Under Dr. Singh’s care, Deza had a laparoscopy. Tiny incisions, no more than a centimetre long, were made in her abdomen and a camera was inserted to accurately diagnose and treat her condition. When she woke up from the surgery, Dr. Singh told Deza he had removed the tumour while keeping her uterus intact. “I'm still young and I want to have children so I was very happy,” said Deza.
Dr. Singh sees many women like Deza who are in advanced stages of disease, but suffer in silence because they fear that major surgery is their only option. Many of them are either newcomers to Canada, or from under-served cultural communities where there’s a stigma or lack of awareness about women’s reproductive health.
With a multilingual team of surgeons and trainees, Dr. Singh and his colleagues treat many women who would otherwise fall through the cracks of the health-care system. Indeed, as only the second Canadian centre to be internationally recognized as a training ground for minimally invasive gynecology, The Ottawa Hospital attracts a multicultural team of surgical fellows from across the country.

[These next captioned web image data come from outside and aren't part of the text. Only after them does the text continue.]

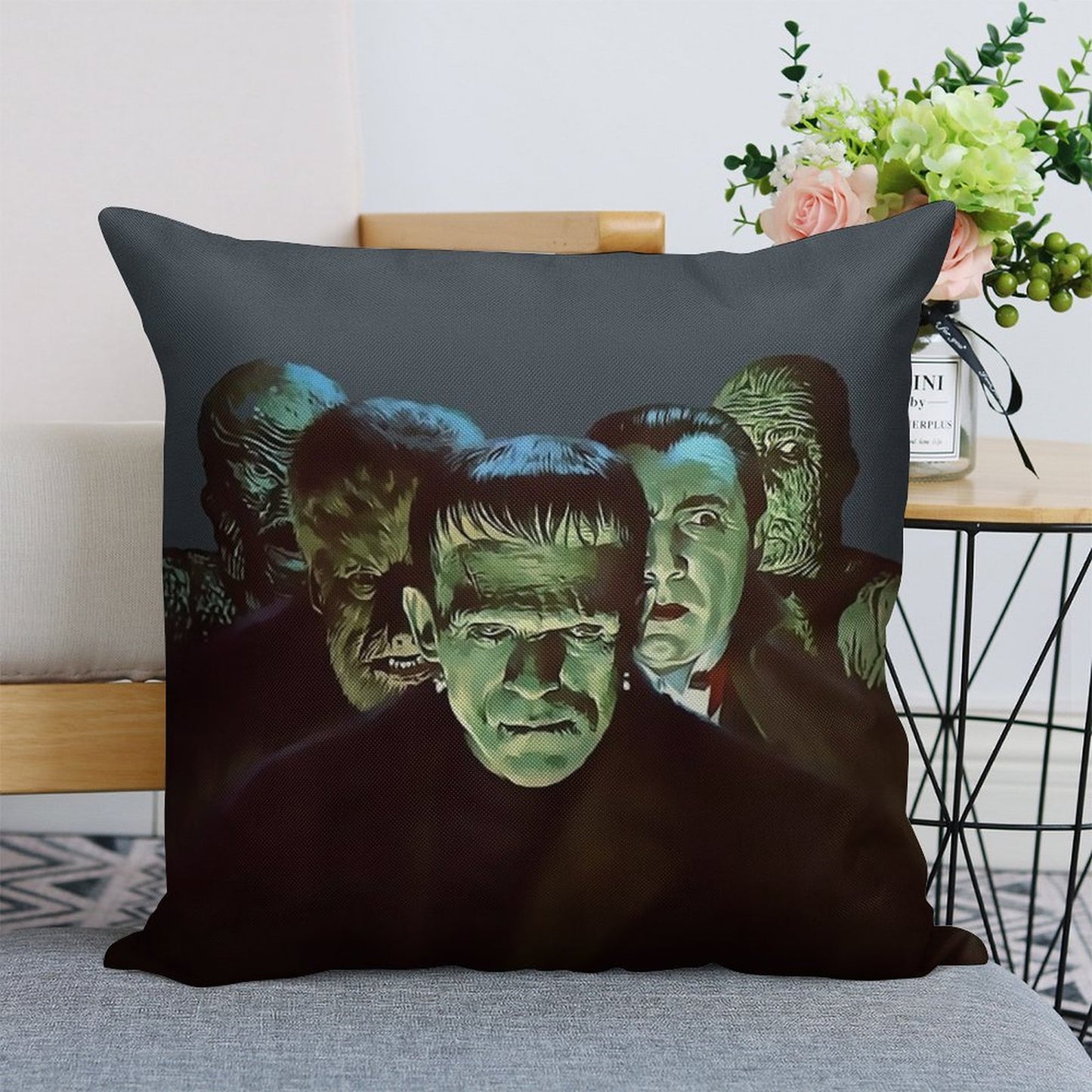 Gang of Monsters Linen Throw Pillow Cover
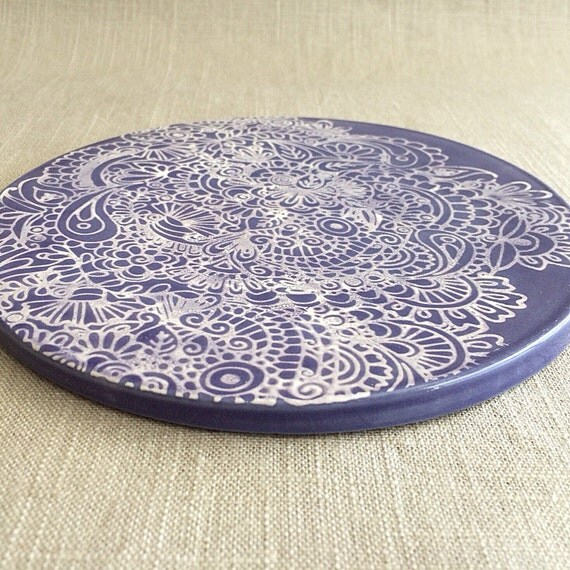 Handmade ceramic trivet/hot plate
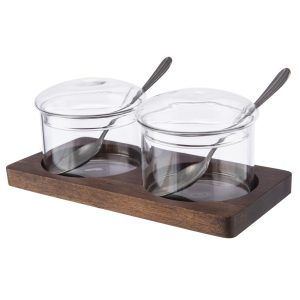 Table Caddy: Artisan Street Condiment Pots, Glass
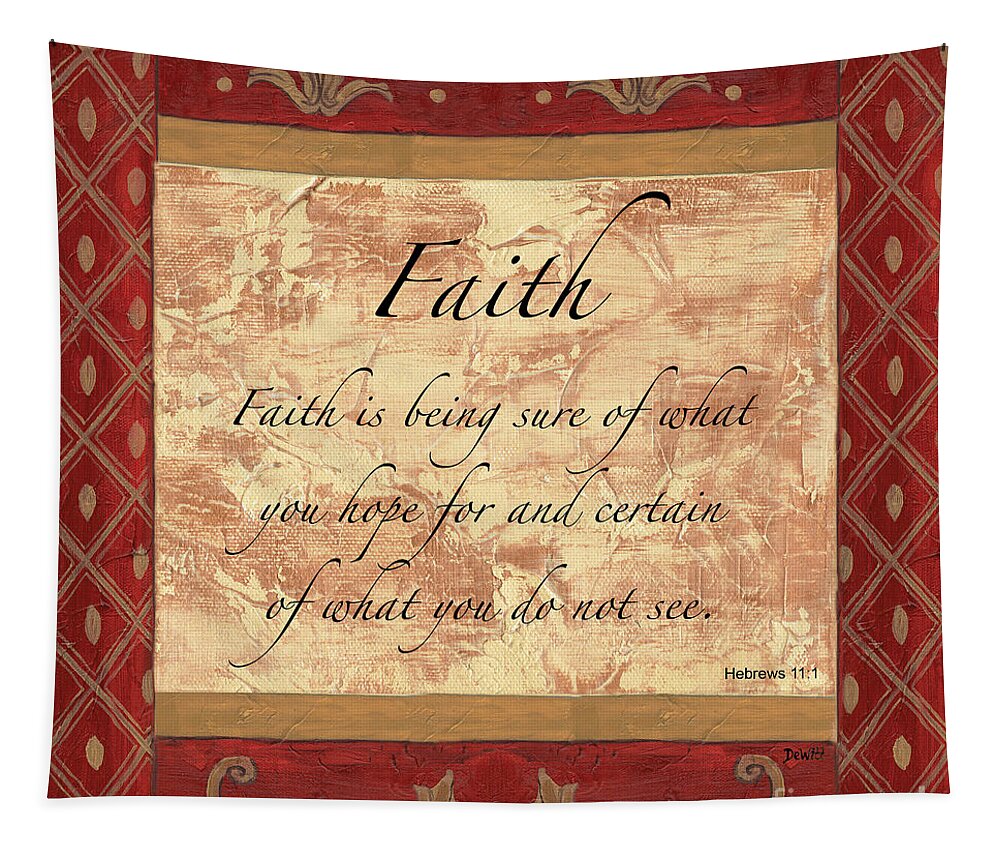 Faith Tapestry featuring the painting Red Traditional Faith by Debbie DeWitt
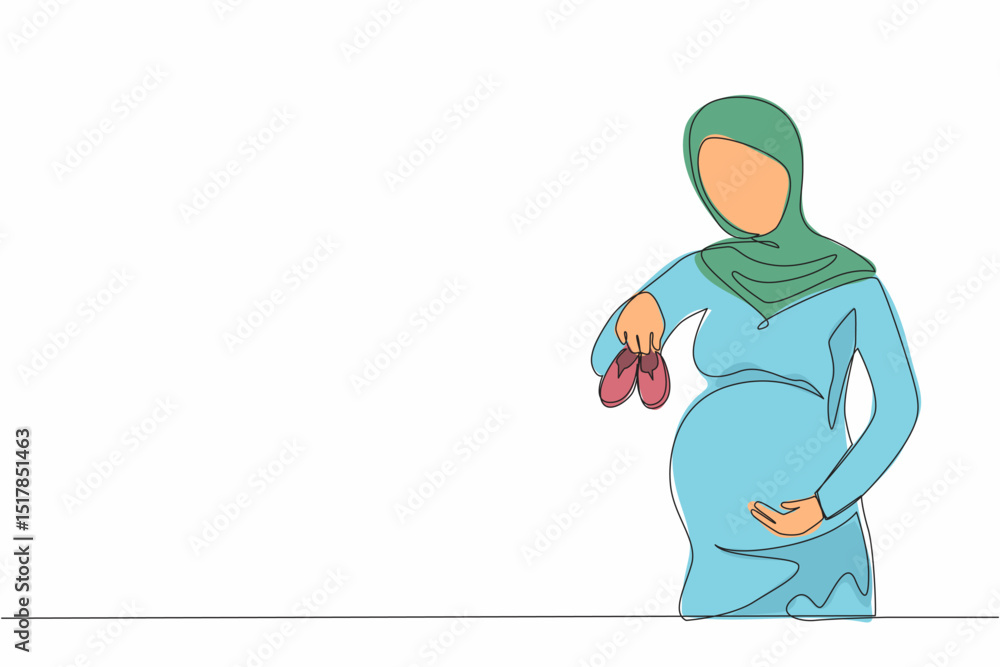 Single one line drawing small shoes for unborn baby in belly of pregnant woman. Arabian pregnant woman holding small baby shoes relaxing at home in bedroom. Continuous line draw design graphic vector Single one line drawing small shoes for unborn baby in belly of pregnant woman. Arabian pregnant woman holding small baby shoes relaxing at home in bedroom. Continuous line draw design graphic vector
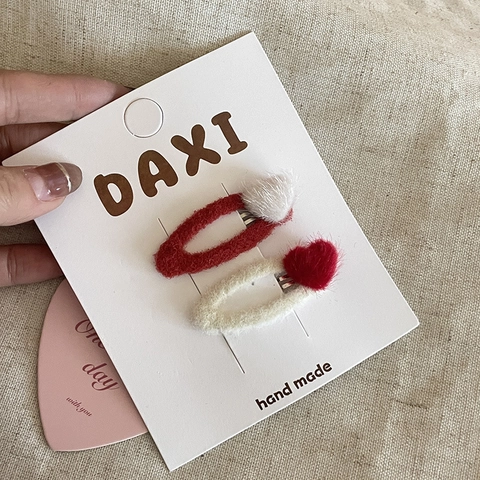 Plush Red Bowknot Hair Clip Set Cute White Lamb Wool Hairband For Kids Girls New Year Rhinestone Smile Face Hair Accessories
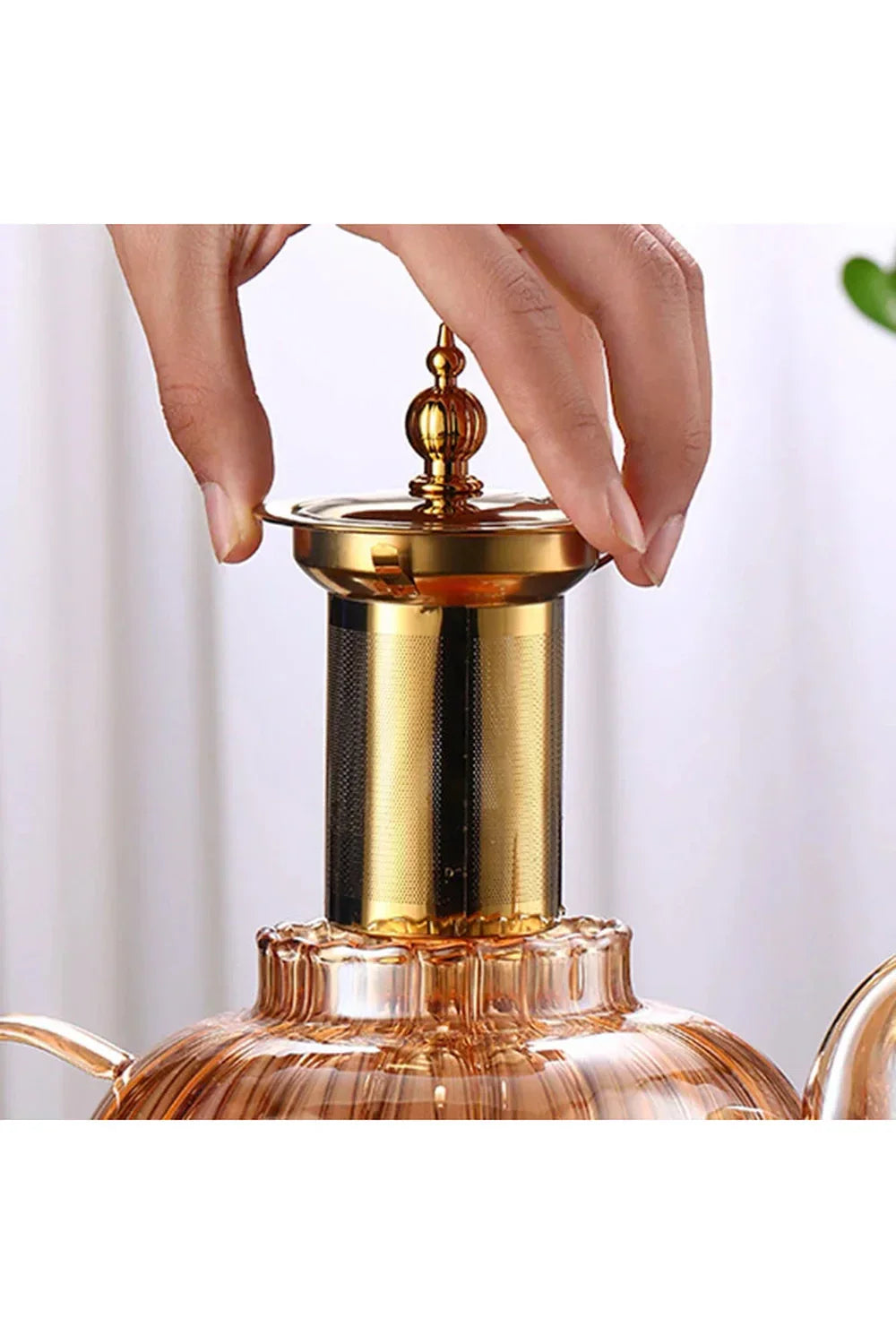 Snygg lösblads-tekanna med teinfuser och lock — Elegant brygd för teälskare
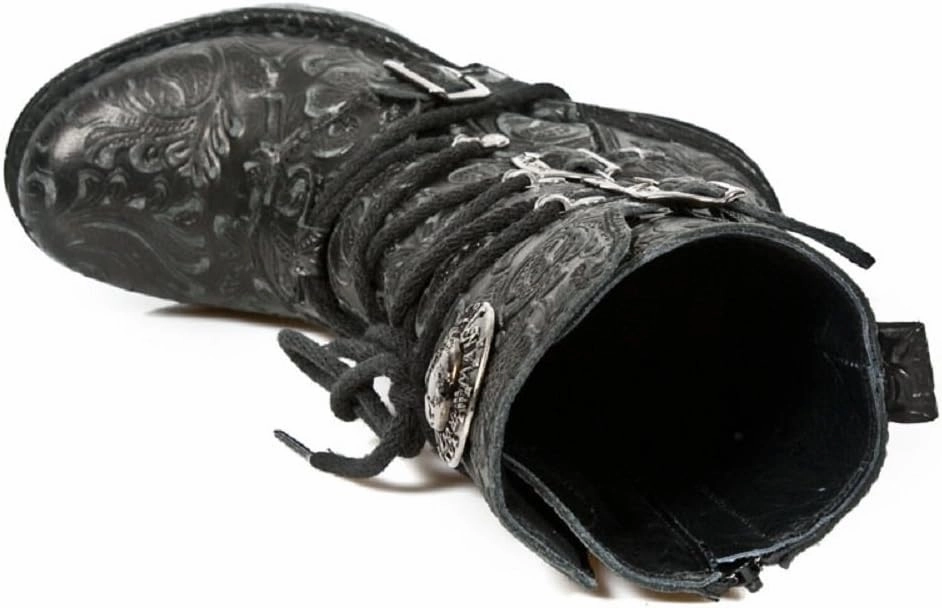 New Rock NEOTR005-S25 Ladies Leather Boots Vintage Floral Black Gothic Rock Punk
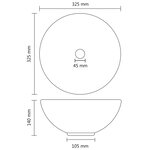 vidaXL Lavabo rond de salle de bain Vert foncé mat 32 5x14cm Céramique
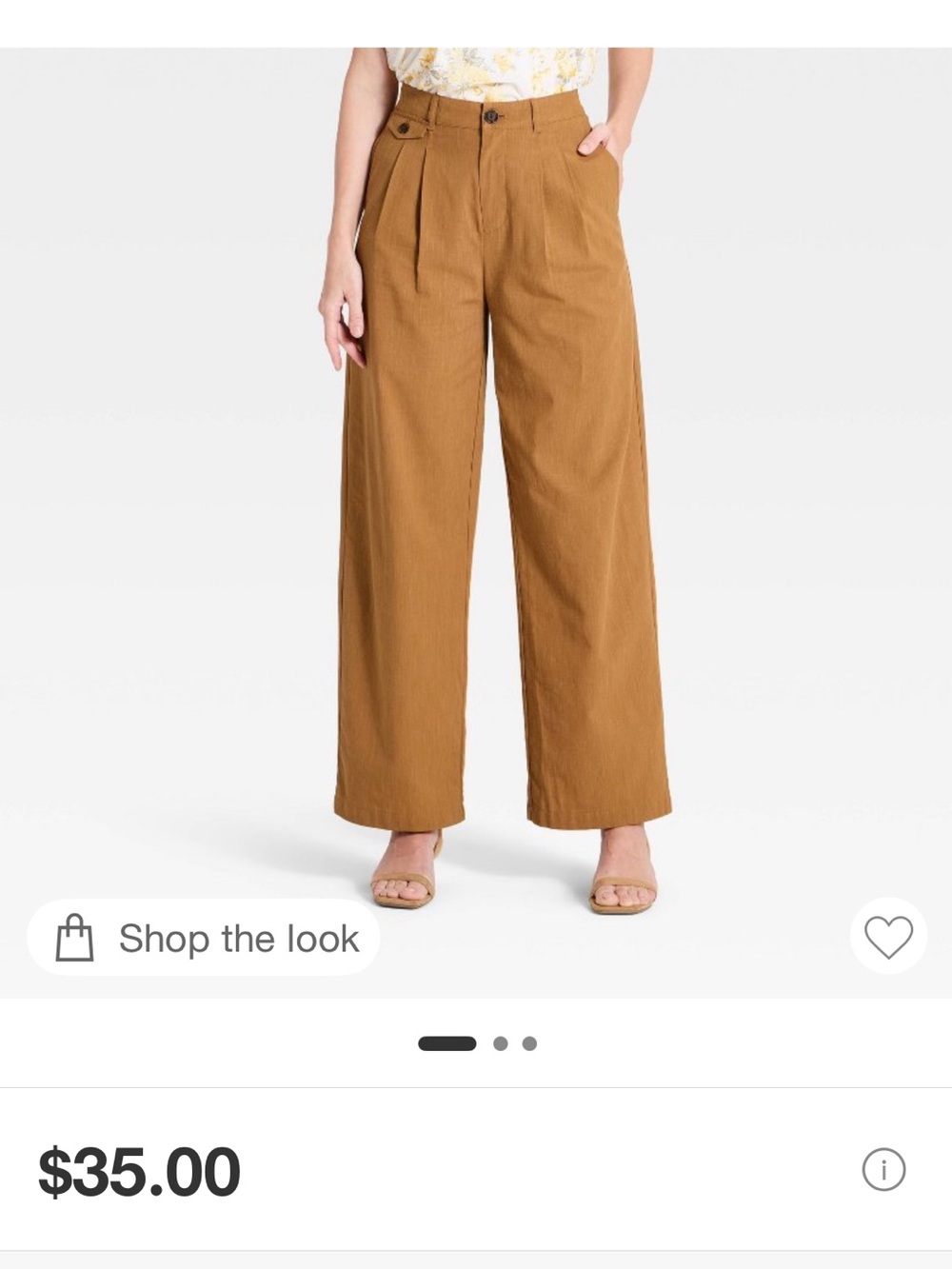 Women’s High-Waist Wide-Leg Chinos in Warm Brown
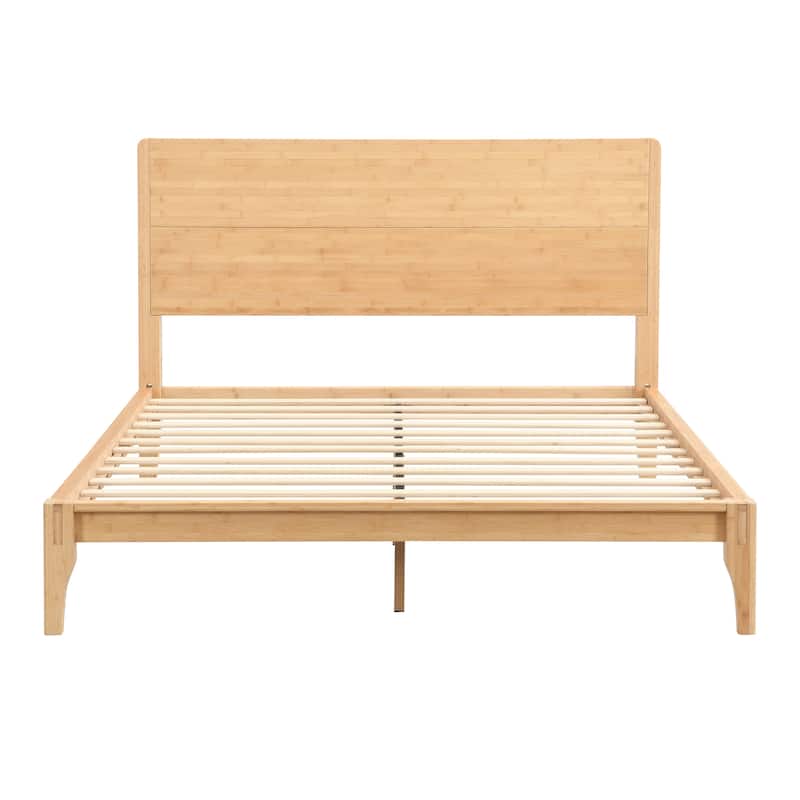 Full/Queen/King Bamboo Platform Bed, Mid-Century Modern Bed Frame with Tall Headboard, Wood Slat Support, No Box Spring Needed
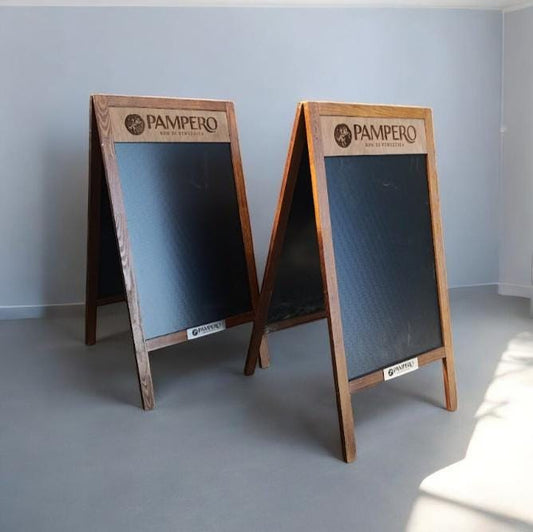 Lavagna a Cavalletto Bifacciale in Legno di Pioppo Mordenzato Noce - Insegna Pubblicitaria Artigianale per Ristorante, Bar e Caffetteria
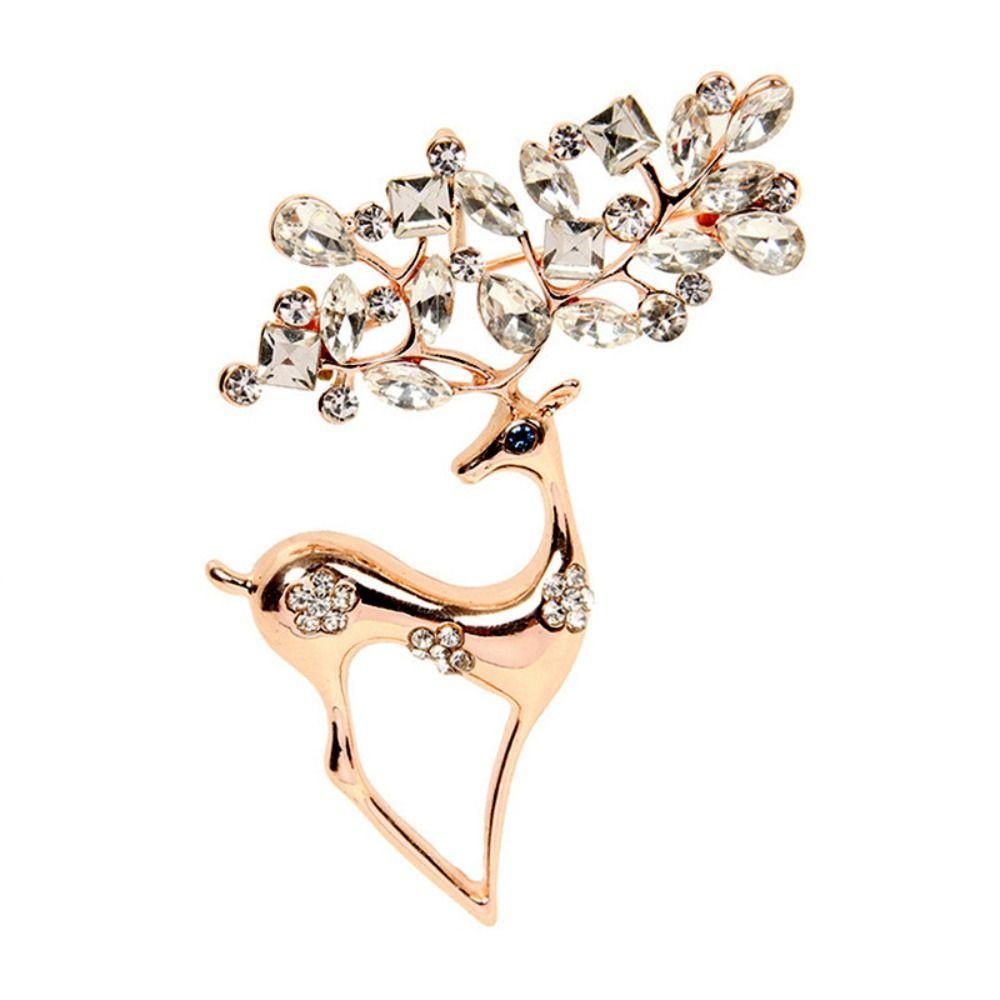 Christmas Reindeer Korean Style Brooches Female Jewelry Christmas Elk Brooches Rhinestone Pin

“Collectively, our team speaks English, French, Cantonese, Mandarin, Persian and Punjabi,” said Dr. Singh, who is also an associate professor at the University of Ottawa. “We’re not only training the next generation of specialists with the most up-to-date surgical skills; we’re also training people who reflect the cultural diversity of this country. They can reach out to communities that are currently underserved, so that women of all backgrounds no longer have to suffer in silence. We can give them their lives back.”